The recent international health emergency declaration puts countries, including the U.S. on alert to improve surveillance and detection, said Rimoin.

The California Department of Health this month issued an advisory to healthcare providers advising “a heightened index of suspicion for Clade I mpox in patients with recent travel to Africa and present with signs and symptoms consistent with mpox.”

The recent health emergency declarations will also unlock resources that are otherwise unavailable for global coordination, critical research to address gaps in knowledge, and public health response, Rimoin said.

It also helps that this is not a completely new virus, she said. The key to containment is early detection and response.

What should you do, if anything?

“We continue to strongly recommend and encourage the two-dose vaccination,” for those considered most at risk, Janssen said. She noted that only certain groups of people fall within the recommendations for vaccination, because the risk to the general public remains low. The CDC continues to recommend that anyone exposed to mpox should get vaccinated, as well as certain gay, bisexual or other men who have sex with men.

Despite the geographic location of the new outbreak, Janssen said “there’s not a recommendation for vaccination for travel alone.”

The Los Angeles County Department of Public Health continues to recommend people who should get a vaccine are:

  • Men or or transgender persons who have sex with men or transgender persons.
  • Persons of any gender or sexual orientation who engage in commercial and/or transactional sex.
  • Individuals living with HIV, especially persons with uncontrolled or advanced HIV disease.
  • Persons who had skin-to-skin or intimate contact with someone with suspected or confirmed mpox, including those who have not yet been confirmed by the public health department.

Are vaccines and/or treatment available to prevent mpox?

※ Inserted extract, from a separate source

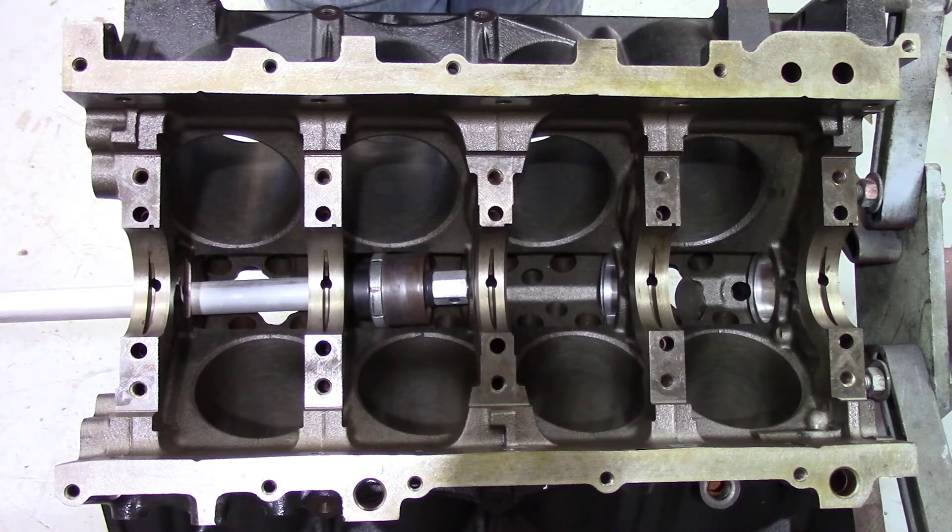This is a Gen 4 4.8 block that I picked up because of the heavier-duty rods that come in the engine package. I also had a 5.3 in my garage, so I took the 5.3 crankshaft and I'm mating it up with the Gen 4 4.8 rods, then I bought forged pistons with the correct compression height to make it all work together.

Yes. The good news is there are plenty of doses of the Jynneos vaccine, which is used to prevent both mpox and smallpox.

CDC officials have said that “the medical countermeasures that have been effective for Clade II mpox are expected to also be effective for Clade I mpox,” Janssen said. “That includes Jynneos, the vaccine that’s been recommended … as well as other treatments.”

At this time the mpox vaccine is free throughout the U.S. and in California. Los Angeles County’s Department of Public Health is providing the JYNNEOS 2-dose vaccine. The county has an online list of vaccination sites where the mpox vaccine is being offered.

If I was vaccinated two years ago, should I get a booster?

Booster shots are not currently recommended.

“People who have completed the series, there’s no need to get additional doses,” Janssen said. “And people who have been previously infected — no need to get vaccinated.”